Start of LISTED RECORDS

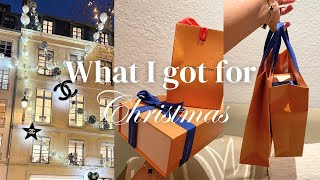 What I Got For Christmas 2023  Louis Vuitton Hermes Chanel ♥︎ [upl. by Purington]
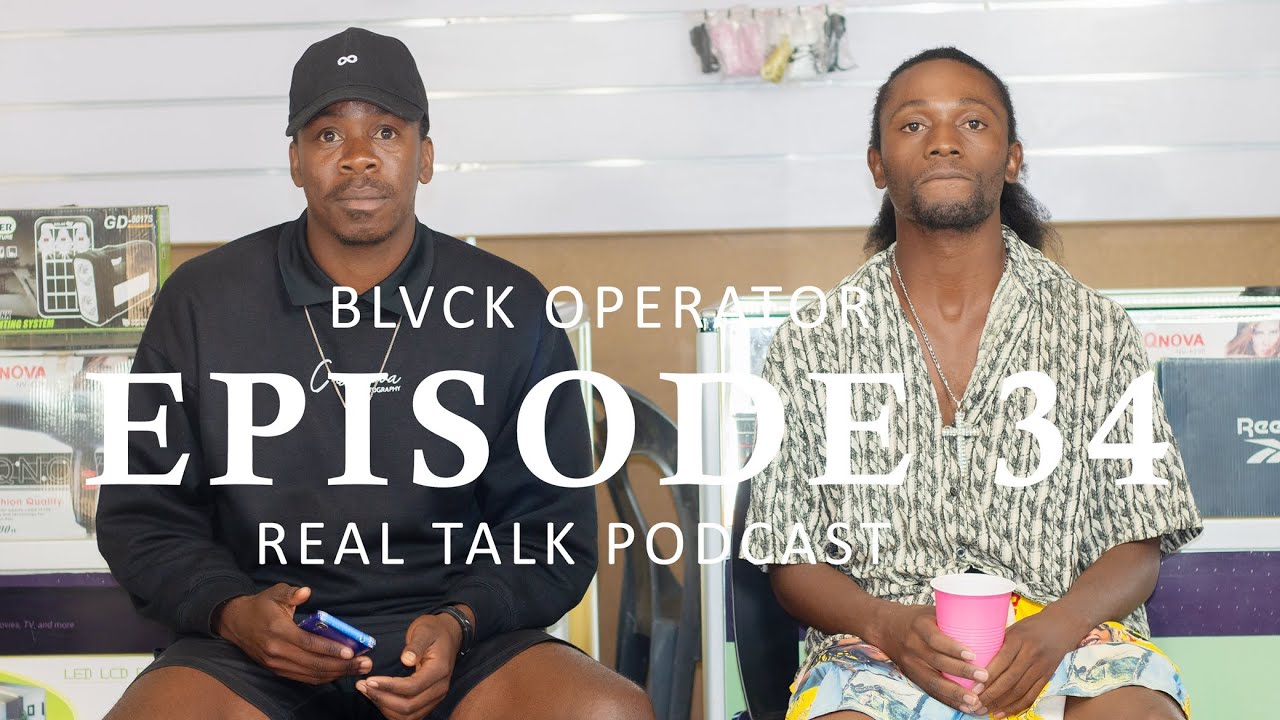 EPISODE 34| Blvck Operator on Djing,inspiration,Zhezhingtons, House parties,Shows, Gwanda fiesta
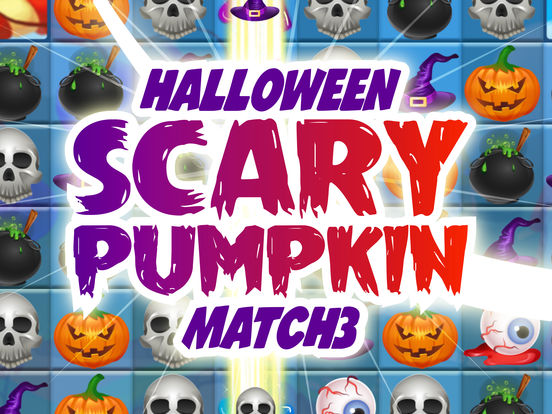 Halloween Scary Pumpkin Match 3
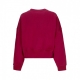 felpa girocollo donna essential crewneck LEGACY BURGUNDY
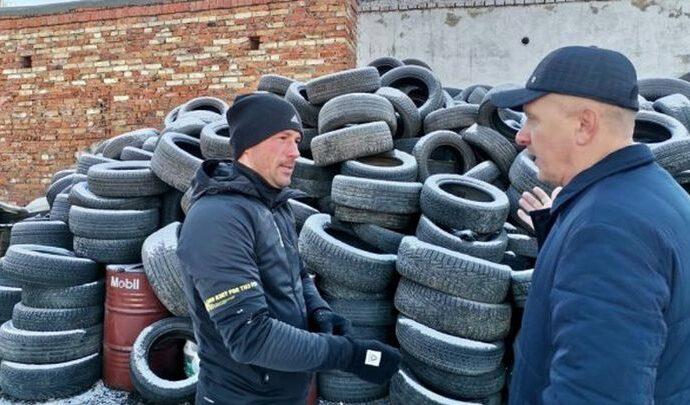 Старые покрышки, вторсырьё и крышки. Тульские экологи подвели итоги года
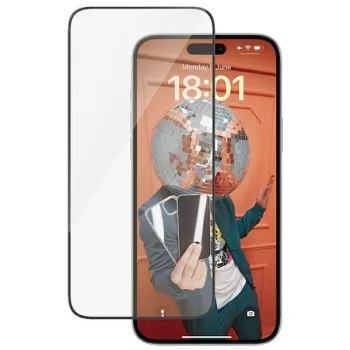   PanzerGlass kijelzővédő üvegfólia Ultra-Wide Fit iPhone 15 Plus 6.7"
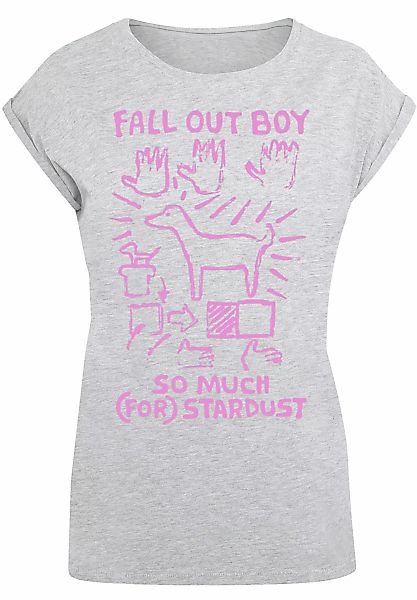 F4NT4STIC T-Shirt "Fall Out Boy Pink Dog So Much Stardust", Premium Qualitä günstig online kaufen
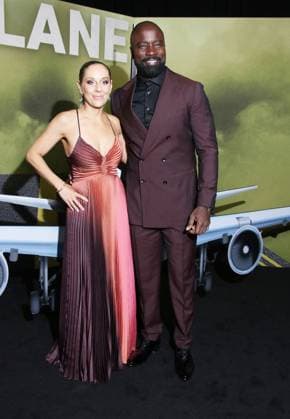 New York Premiere Of Lionsgate Plane at AMC Lincoln. Featuring: Mike Colter and Iva Colter Where: New York, New York, United States When: 10 Jan 2023 Credit: ROGER WONG INSTARimages.com Cover Images Copyright: xx 52335908 EDITORIAL USE ONLY. NOT FOR USE BY NEWSPAPERS BASED IN THE UK.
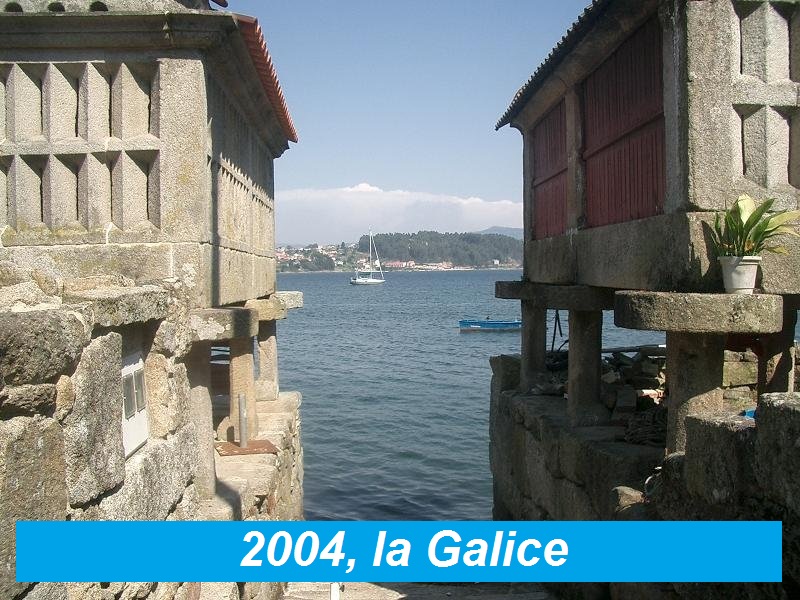 2004, la Galice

End of LISTED RECORDS

▶ [EXERCISE OBJECTIVE] Pictures stay out; reproduce exactly the lines from the one containing "Halloween Scary Pumpkin Match 3" through the end of the data.

▶ [SOLUTION FOR THIS TASK]
 Halloween Scary Pumpkin Match 3
 felpa girocollo donna essential crewneck LEGACY BURGUNDY
 Старые покрышки, вторсырьё и крышки. Тульские экологи подвели итоги года
   PanzerGlass kijelzővédő üvegfólia Ultra-Wide Fit iPhone 15 Plus 6.7"
 F4NT4STIC T-Shirt "Fall Out Boy Pink Dog So Much Stardust", Premium Qualitä günstig online kaufen
 New York Premiere Of Lionsgate Plane at AMC Lincoln. Featuring: Mike Colter and Iva Colter Where: New York, New York, United States When: 10 Jan 2023 Credit: ROGER WONG INSTARimages.com Cover Images Copyright: xx 52335908 EDITORIAL USE ONLY. NOT FOR USE BY NEWSPAPERS BASED IN THE UK.
 2004, la Galice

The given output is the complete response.